これら不正咬合は、唇やその周辺の形に直接影響を与え、口元のバランスを崩してしまいがちです。横顔のイメージを決定付けているのは、実はこの口元ですから、そのアンバランスを解決することは、顔全体の印象を大きく改善する事につながるのです。
歯と顎のバランスを維持するためには、まず原因となるすき間不足の解消を図るべきです。そのためには、よくかんであごを大きく発育させる必要があります。成長期のお子さんは、ご飯を一口含んだら二十回以上かむようにさせましょう。
それでも、すき間が不足している様なら、矯正治療の必要があります。

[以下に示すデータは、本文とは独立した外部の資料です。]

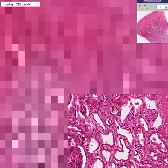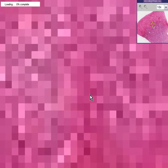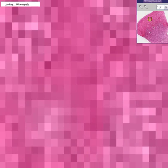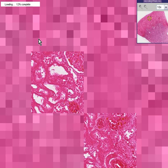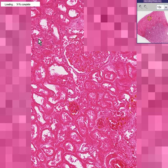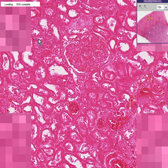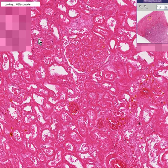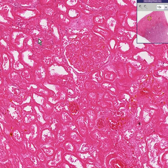But as we move our pointer out towards the peripheral zone here, I think you will agree that this is entirely 100% coagulative necrosis, and you really can't make out outlines of any cells at all. Thank you very much.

もし、上あご前突や反対咬合などあごの骨のずれが心配される場合は、小学校一、二年生のころに矯正を受診することが望ましいでしょう。それ以外の乱ぐい歯や八重歯は、歯と顎の大きさがアンバランスなのですから、小学校の五、六年生のころに矯正医に相談すればよいでしょう。大人になってからの矯正治療ももちろん可能です。
バランスの取れた口元、きれいな歯並びの笑顔は、いくつになっても素敵なものです。